# Bowtech Soldier



## ike_osu (Jul 1, 2008)

I got a chance to review the Bowtech Soldier. I was very impressed with this bow. It is designed to be versatile and it was exactly that.


----------



## BOWdacious1 (Dec 12, 2009)

*Great review...*

I enjoyed your video. I shoot a Bowtech Soldier and it's been a great starter bow for me. I'm ready to up the poundage, was wonderin how many pounds Lindsay was pullin?


----------



## ike_osu (Jul 1, 2008)

40 in the video but she was pulling it pretty easy. She had a little trouble with fatigue after shooting a lot of arrows but she will be ready to up the poundage very soon.


----------



## jpm_mq2 (May 22, 2004)

Nice review,thanks.Like to see you do one on the Diamond Stud.


----------



## JRED (Jul 13, 2012)

Thanks for the review.. I got one on order.


----------



## soldiergirl81 (Sep 29, 2010)

I shoot a Soldier, it was my first bow, and is now my hunting bow.
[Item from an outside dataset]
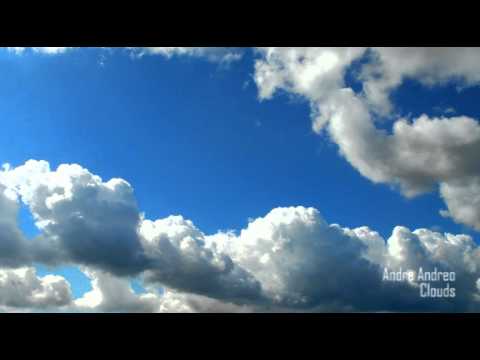 Brazilian Chillout Music - Andre Andreo - Clouds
I pull 48# right now, hope to get to 50 before deer season opens. I love it, and always recommend it to new shooters! It is one of the best bows on the market, and sometimes overlooked.


----------



## tkmorty (Jul 24, 2012)

Nice review. My second bow was a Soldier and I took my first deer with it. It is a great bow! I now am shooting a 350 Destroyer and love that bow, I probably will keep it for a long, long time.


----------